坂井:私は破るように見えたという可能性は十分あると思います。つまり本人がそう考えていたのではなく、誰かがそういう策動をして、その犠牲になったという可能性。正男氏にすると迷惑な話でしょうが。まったくの推測ですが、例えば二重スパイを使って彼が亡命しようとしていると北朝鮮側に信じ込ませ、妄動を起こさせたということは考えうる。
平岩:「狂った正恩氏による恐怖政治」ではなく、「内なる冷酷なものを貫徹するための恐怖政治」。これならあると思いますね。
坂井:おっしゃるとおりですね。
──正恩氏の権力を脅かす前に処分した、という可能性はありますか。
坂井:正男氏は正恩氏の対抗勢力にはなれなかったでしょう。
平岩:本にも詳しく書きましたが、正恩氏の権力継承者としての最大の正統性は、父に指名されたこと。
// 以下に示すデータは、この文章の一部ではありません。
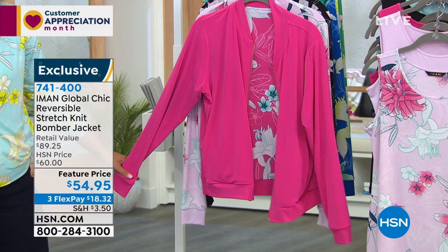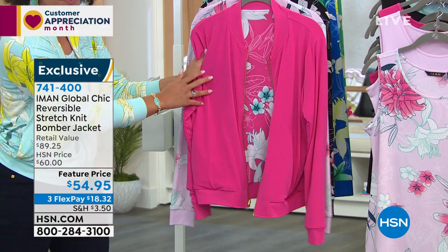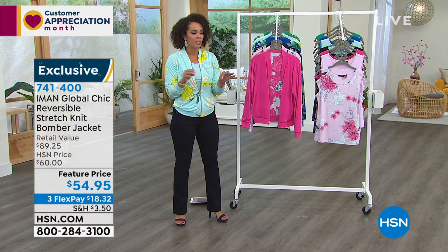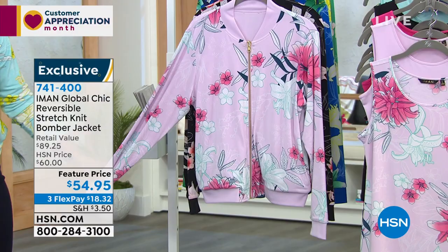You get two looks in one for this price — for $18 and some change on any debit or credit card, you get two looks in one. It's the stretch knit so it's really, really soft. It still has the pockets on it too. It's stretchable, not heavy, not bulky. Sometimes bomber jackets can be heavy and bulky — not with this one. This is a perfect time of the year to wear it.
いくら長男でも指名されないと、あの国では正統性に欠ける。
坂井:脱北者が正男氏をかつごうとしていた、との報道がありましたが、そういう人たちがいるとすれば、その理念って、いったい何なのかと思いますね。「世襲」とか「個人独裁」の体制が嫌だから脱北したんじゃなかったんですかと聞きたい。
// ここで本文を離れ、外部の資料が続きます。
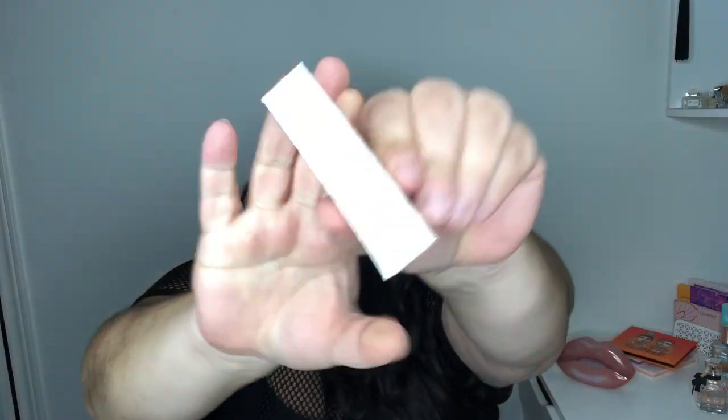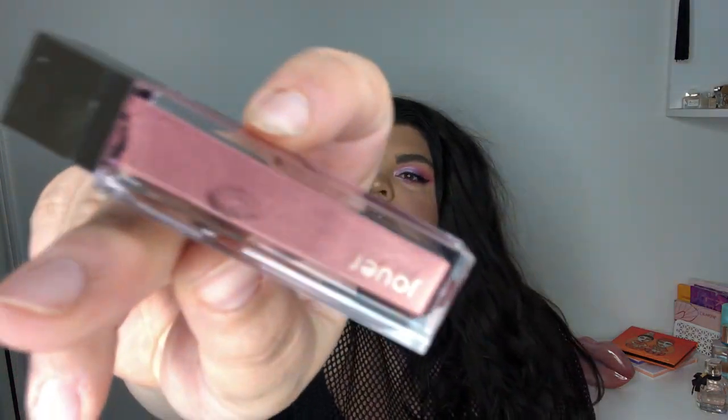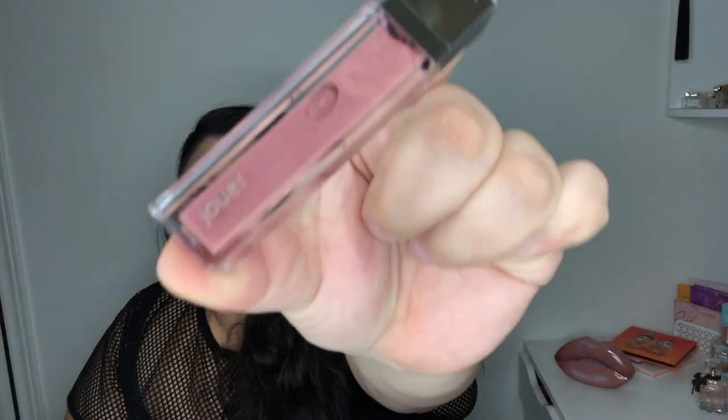The first thing I have is a Jouer lip cream, and this is in the color rosé. Oh wow, it's bright! That's the color right there — that's pretty. I'll put the prices of everything on the screen. This box was $75, so they're supposed to be $150 worth of product US, so yeah, I'll put the price of that on the screen.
──正恩氏のおじ、張成沢氏の処刑と今回の事件との関係はありそうですか。
平岩:どうでしょうか。正男氏─張氏─中国と結びつけてラインを設定し、これを断ち切った正恩氏は中国からひどい目に遭う、というわかりやすいストーリーですが、私にはとてもそうは思えませんね。
坂井:そもそも張氏の処刑で中朝関係が冷え込んだといいますが、あの後、北が核実験をやった。中国は直後の国連安保理で、北朝鮮への制裁措置が厳しいものにならないよう、すごい粘り腰でがんばった。